The String Trio

In planning our wedding, selecting the music was one of the very first things we decided to tackle. After all, what could be easier, or more fun? We figured we'd knock this one out in no time flat. And, the fun of doing so would kind of set the tone for the balance of our wedding planning.

As it turned out, selecting the music certainly did give us some insight into what planning our wedding was going to be like. Here's the glimpse into the future that we gained:

Nothing about planning a wedding is easy.

As hard as it may be to believe, from the very beginning, Teresa and I totally disgreed over the music for our wedding. And, it took a pretty good dose of husband-and-wife-like compromise to come to an agreement.

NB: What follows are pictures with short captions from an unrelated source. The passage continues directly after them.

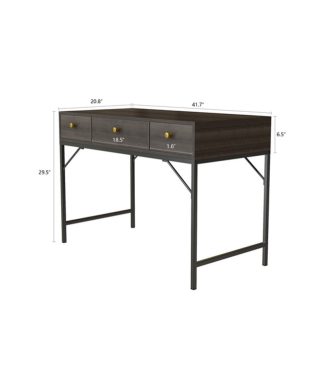42 Inch Accent Sofa Table Industrial Wood Console Table with Three Drawers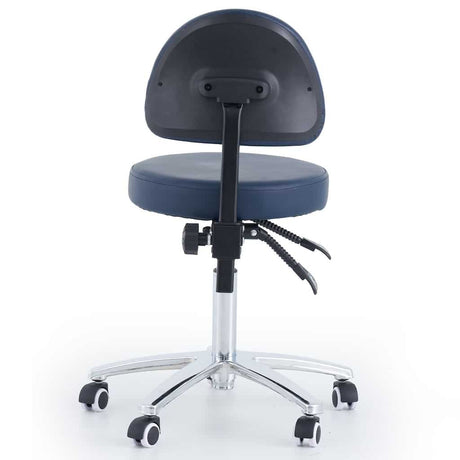 CubicHealth Round Stool With Backrest Navy Blue Back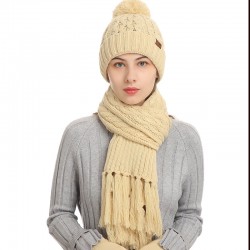 2022 New Autumn And Winter Knitted Hat Scarf Suit Outdoor Warm Cold Wool Hat Scarf Gloves
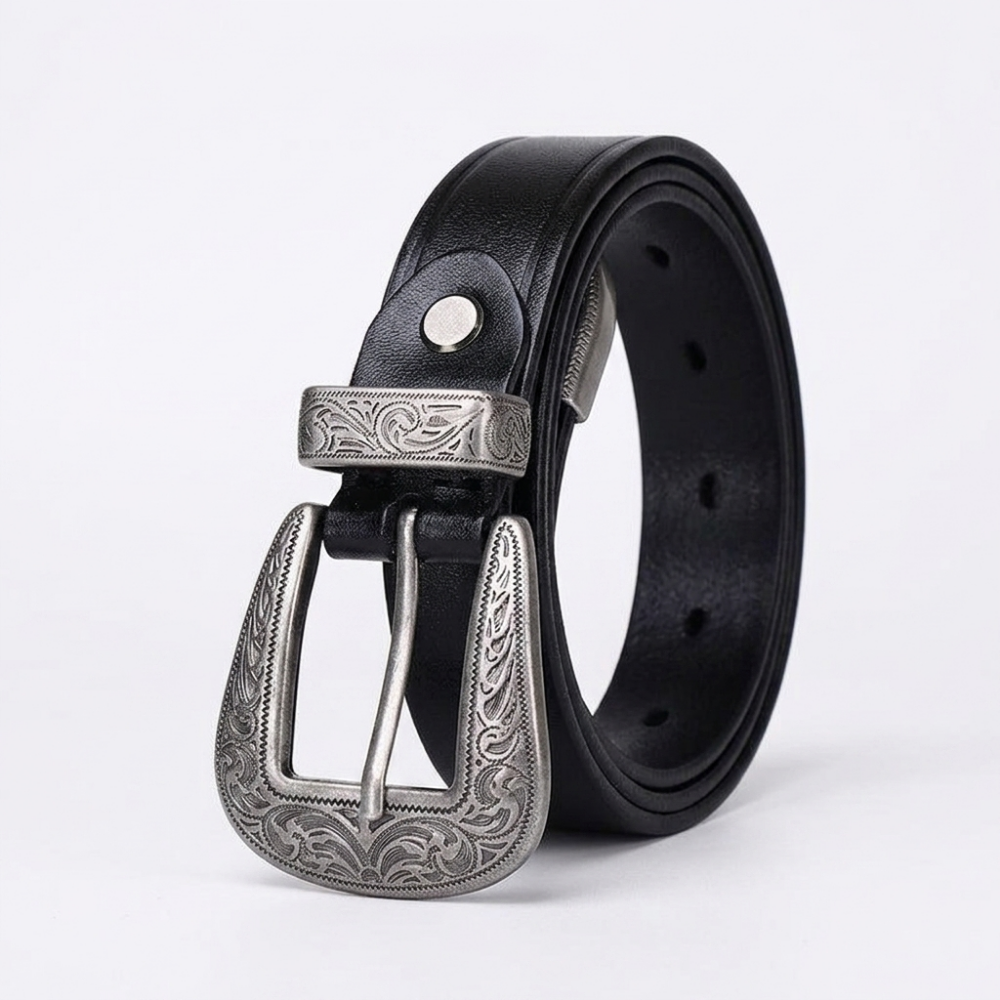 Westward – Engraved Buckle Leather Belt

All of the disagreement was borne out of my fear that our wedding might turn into just another typical Southern wedding. You see, weddings here in the South are notorious for being some of the most lenghty, mind-numbingly boring, milk-and-cookies affairs known to man. And, I was bound and determined not to put my friends through such an experience. So, I came up with what I thought was a bright idea:

I wanted to hand out kazoos. Now before you laugh, listen to my plan: I figured I could go down to the music store and pick up 100 kazoos for less than a hundred bucks. Then, I'd take them down to my shop and paint "Fred and Teresa" on the side of them. The kazoos could then serve as a kind of a take-home memento of our wedding. And, when time came for Teresa to walk down the aisle, I wanted everyone in the audience to play Here Comes the Bride. I figured that this would get everyone involved in our wedding, and would make things a little more fun.

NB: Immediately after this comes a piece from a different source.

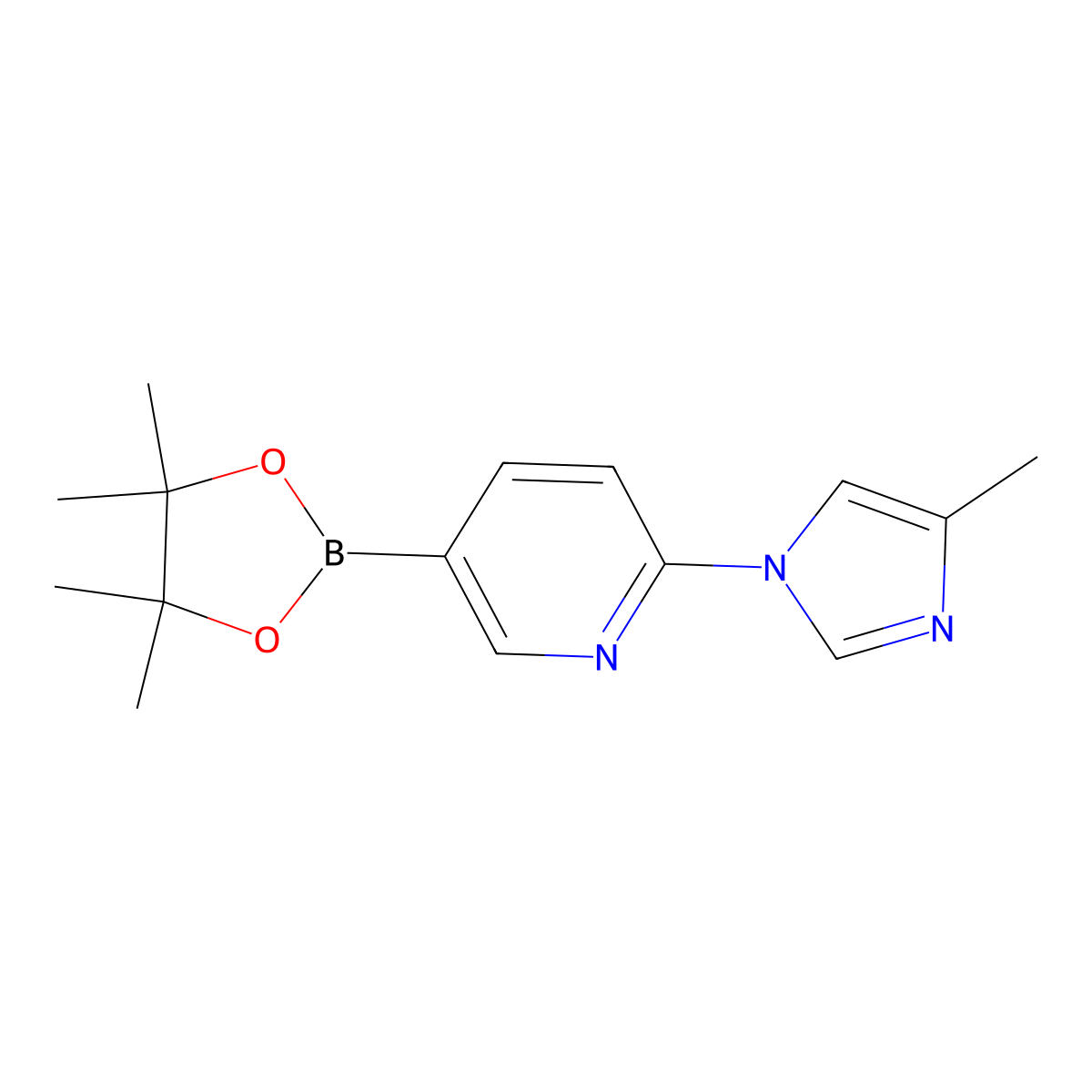 2-(4-Methylimidazol-1-yl)pyridine-5-boronic acid pinacol ester molecular structure, CAS 2223028-89-3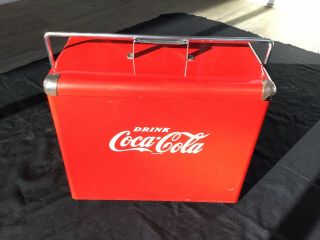1954 Vintage Coca Cola Picnic Cooler With Sandwich Tray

I excitedly told Teresa of my grand kazoo plan. It was obvious from the start that she did not share my enthusiasm for kazoos.

She reminded me that the audience will not be comprised of young, rambunctious free spirits, all eager to play the kazoo. She was right, too. I often forget that we are no longer living in the 70's. Our friends aren't driving around in VW buses, clad in tie-died tee shirts anymore. Instead, they're in coats and ties, driving to work in mini-vans. I forget that some of them are actually grandparents. She also pointed out that many members of the audience will be elderly relatives of ours, and might be prone to vapor locking at the sound of a hundred kazoos. Worse yet, our audience might actually chicken out, and not make a sound.

Teresa went on to tell me that she didn't care what kind of insane ideas I came up with for the reception, but that the ceremony itself was very important to her. In the end, all she asked of me was this: Ten Minutes of Dignity.

I could tell by the look in Teresa's eyes that this was not some frivilous, off-the-cuff request. The wedding ceremony was far more important to her than I had realized. How could any man possibly reject such a simple, heart-felt request? If Ten Minutes of Dignity was all my sweet little bride requested of me, then Ten Minutes of Dignity was exactly what I would do my best to provide her.

So, we reached a compromise. I agreed to give up my kazoos. In return, Teresa agreed to walk down the asile to the beautiful sound of Wagner's Bridal Chorus being played by a live string trio. And, I would be waiting for her on stage in the most dignified tuxedo I can find.

Having reached this agreement, we sent off for audition tapes from musicians around town. Then, one beautiful Friday afternoon, we sat out on the screen porch, had a few beers, and began listening to the tapes. The sound of the Corda Trio playing the opening strains of the Bridal Chorus sent a shock of cold chills down my spine. When I looked over at Teresa, she had tears in her eyes. The choice was made.

So, our wedding day will begin with Ten Minutes of Dignity. I will be standing on the stage in the most dignified manner I can muster. I want every eye in the room to be focused on Teresa as those violins begin to play. And, the only sound I want to hear above the violins are the sniffles that the sight of my beautiful bride are likely to evoke.

Then, after the ceremony, maybe we can bust out some kazoos.